Number of posts by hour:
{'09': 45, '13': 85, '10': 59, '14': 107, '16': 108, '23': 68, '12': 73, '17': 100, '15': 116, '21': 109, '20': 80, '02': 58, '18': 109, '03': 54, '05': 46, '19': 110, '01': 60, '22': 71, '08': 48, '04': 47, '00': 55, '06': 44, '07': 34, '11': 58}
Number of comments by hour:
{'09': 251, '13': 1253, '10': 793, '14': 1416, '16': 1814, '23': 543, '12': 687, '17': 1146, '15': 4477, '21': 1745, '20': 1722, '02': 1381, '18': 1439, '03': 421, '05': 464, '19': 1188, '01': 683, '22': 479, '08': 492, '04': 337, '00': 447, '06': 397, '07': 267, '11': 641}


## Calculating the Average Number of Comments for Ask HN Posts by Hour


Then, we will calculate the average amount of comments per post made at each hour of the day with the `counts_by_hour` and `comments_by_hour` obtained in the previous section:

In [6]:
# Calculate the average amount of comments per 'Ask HN' posts created at each hour.

avg_by_hour = []

for hour in counts_by_hour:
    avg_by_hour.append([hour, comments_by_hour[hour] / counts_by_hour[hour]])
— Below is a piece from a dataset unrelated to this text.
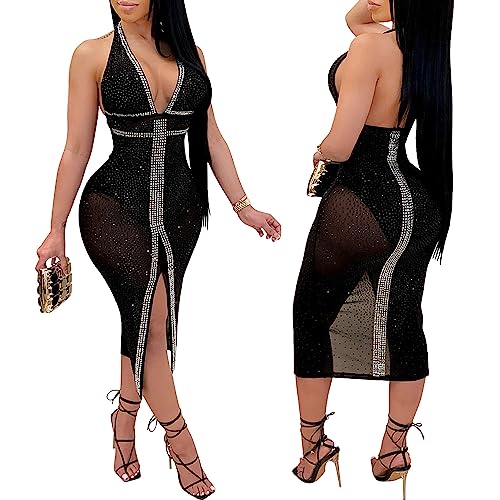 Image of PORRCEY Women's Sexy Rhinestone Mesh See Through Party Night Prom Dress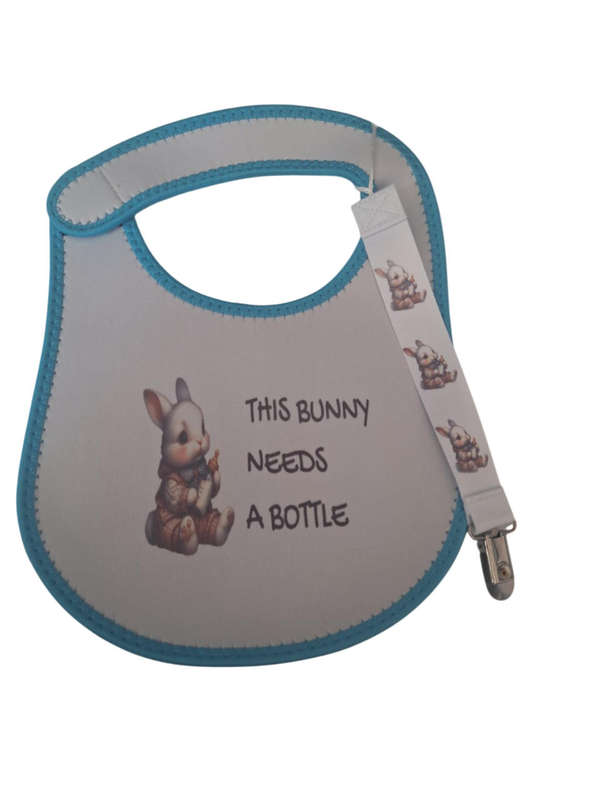 This bunny needs a bottle  - Baby Bib combo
print("Average number of comments per post per hour:")
print(avg_by_hour)
    

Average number of comments per post per hour:
[['09', 5.5777777777777775], ['13', 14.741176470588234], ['10', 13.440677966101696], ['14', 13.233644859813085], ['16', 16.796296296296298], ['23', 7.985294117647059], ['12', 9.41095890410959], ['17', 11.46], ['15', 38.5948275862069], ['21', 16.009174311926607], ['20', 21.525], ['02', 23.810344827586206], ['18', 13.20183486238532], ['03', 7.796296296296297], ['05', 10.08695652173913], ['19', 10.8], ['01', 11.383333333333333], ['22', 6.746478873239437], ['08', 10.25], ['04', 7.170212765957447], ['00', 8.127272727272727], ['06', 9.022727272727273], ['07', 7.852941176470588], ['11', 11.051724137931034]]


## Sorting and Printing Values from a List of Lists

In order to make it easier to identify the hours with the highest values, we will finish this analysis by sorting the list of lists and printing the five highest values in a format that's easier to read:

In [7]:
#Sort the hours by descending order of highest numbers of posts

swap_avg_by_hour = []

for row in avg_by_hour:
    swap_avg_by_hour.append([row[1], row[0]])

sorted_swap = sorted(swap_avg_by_hour, reverse = True)

print("Ranking of Hours for Ask Posts Comments:")

for average, hour in sorted_swap:
    print("{}: {:.2f} average comments per post".format
    (dt.datetime.strptime(hour, "%H").strftime("%H:%M"), average))

Ranking of Hours for Ask Posts Comments:
15:00: 38.59 average comments per post
02:00: 23.81 average comments per post
20:00: 21.52 average comments per post
16:00: 16.80 average comments per post
21:00: 16.01 average comments per post
13:00: 14.74 average comments per post
10:00: 13.44 average comments per post
14:00: 13.23 average comments per post
18:00: 13.20 average comments per post
17:00: 11.46 average comments per post
01:00: 11.38 average comments per post
11:00: 11.05 average comments per post
19:00: 10.80 average comments per post
08:00: 10.25 average comments per post
05:00: 10.09 average comments per post
12:00: 9.41 average comments per post
06:00: 9.02 average comments per post
00:00: 8.13 average comments per post
23:00: 7.99 average comments per post
07:00: 7.85 average comments per post
03:00: 7.80 average comments per post
04:00: 7.17 average comments per post
22:00: 6.75 average comments per post
09:00: 5.58 average comments per post


The hour that receives the most comments per post on average is 15:00, with an average of 38.59 comments per post, with about a 60% increase compared to the second hour in the ranking 02:00.

## Conclusion

In this project, we analyzed the posts in the website Hacker News and determined which type of post and time receive the most comments on average. Based on our analysis, which did not take into account posts without comments, to maximize the amount of comments a post receives, we'd recommend the post be categorized as ask post and be created between 15:00 and 16:00.